__Exercise brief__
The answer must be the full data, restated word for word, with no pictures in it.

__Supplied information__
★ ★ ★ ★ ★
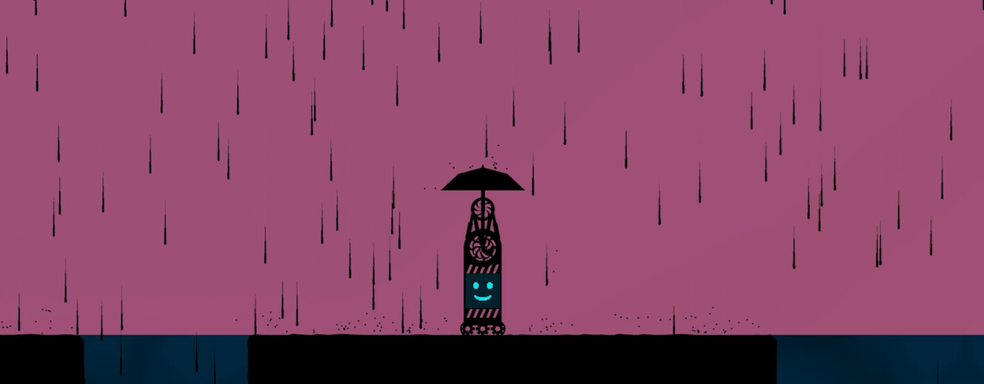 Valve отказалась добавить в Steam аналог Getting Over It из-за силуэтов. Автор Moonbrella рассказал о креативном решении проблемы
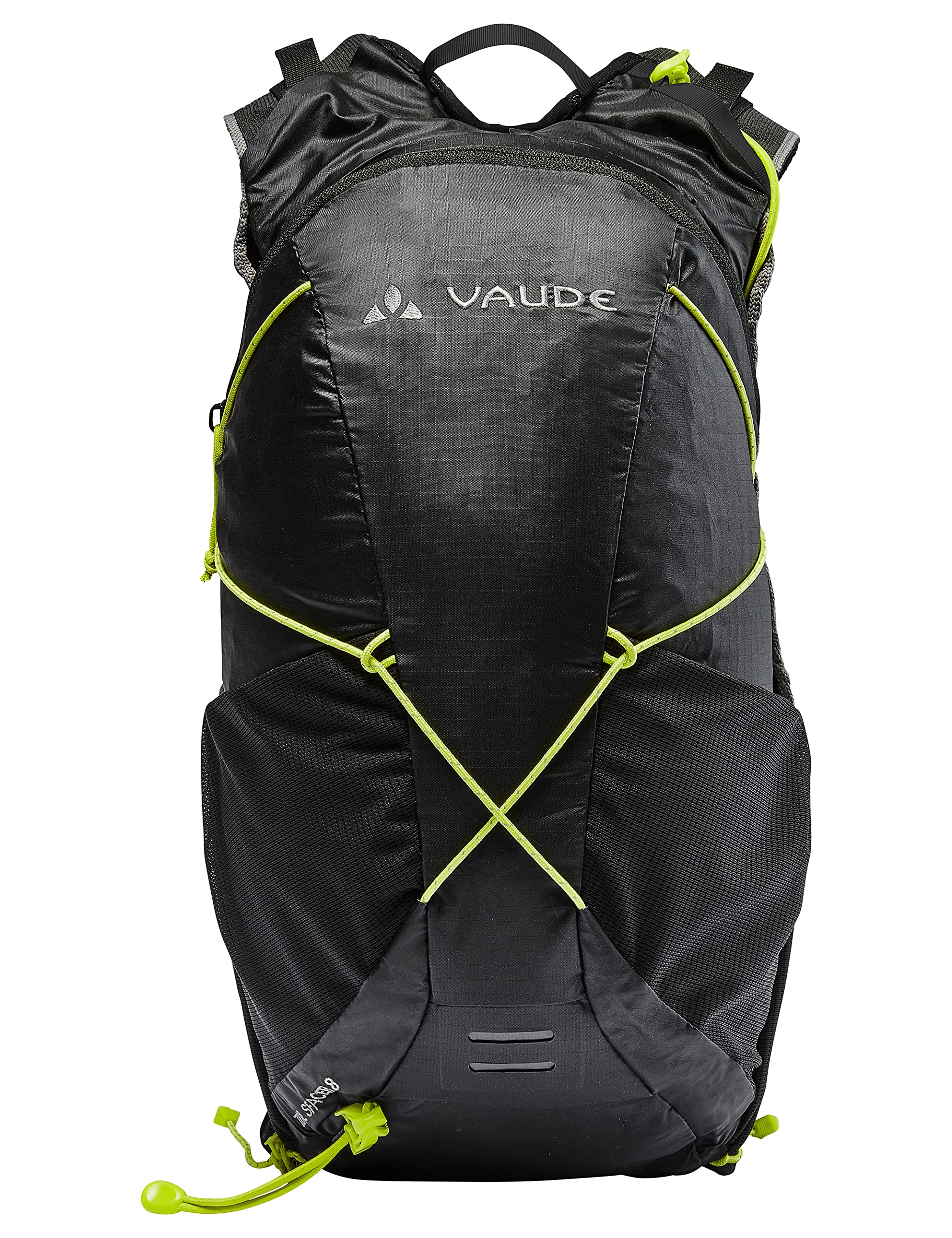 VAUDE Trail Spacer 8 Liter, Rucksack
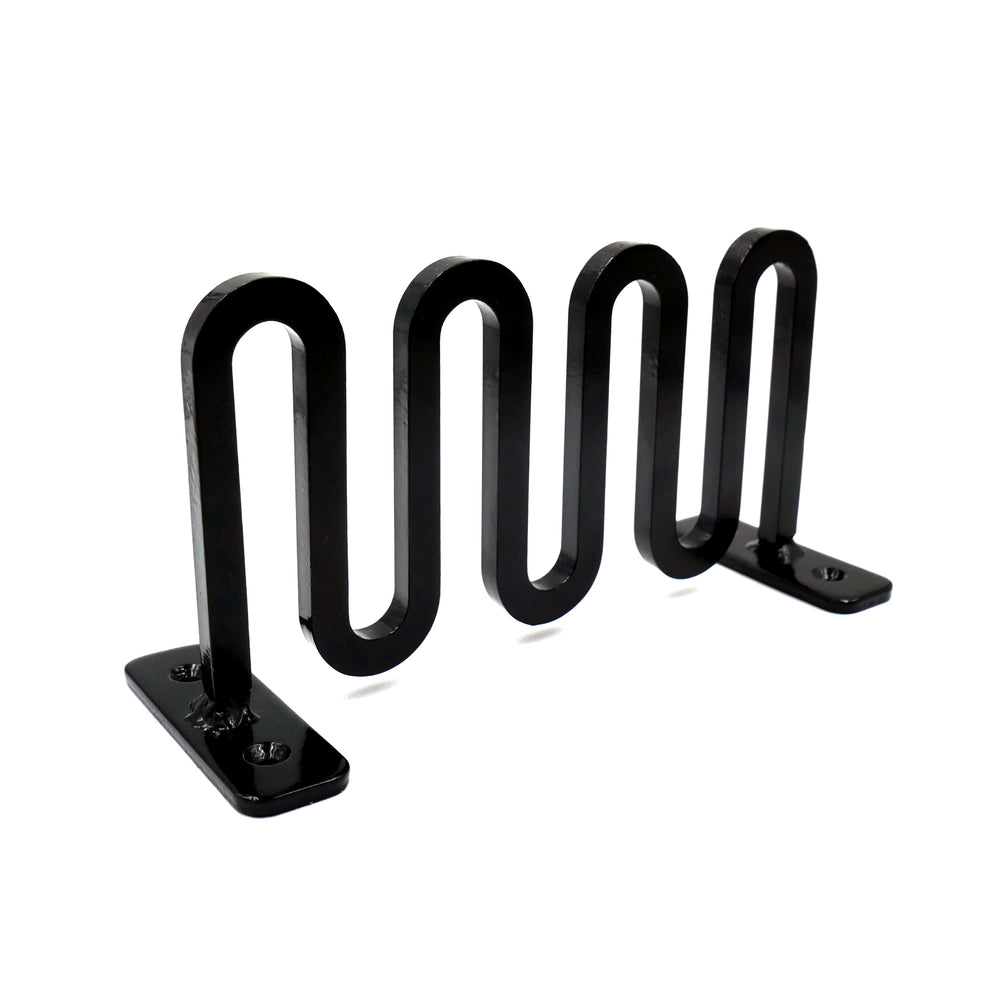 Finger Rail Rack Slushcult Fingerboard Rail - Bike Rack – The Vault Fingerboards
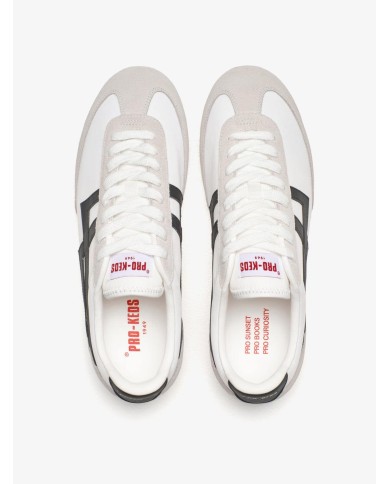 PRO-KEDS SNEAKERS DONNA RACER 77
★ ★ ★ ★ ★
__Task response__
 Valve отказалась добавить в Steam аналог Getting Over It из-за силуэтов. Автор Moonbrella рассказал о креативном решении проблемы
 VAUDE Trail Spacer 8 Liter, Rucksack
 Finger Rail Rack Slushcult Fingerboard Rail - Bike Rack – The Vault Fingerboards
 PRO-KEDS SNEAKERS DONNA RACER 77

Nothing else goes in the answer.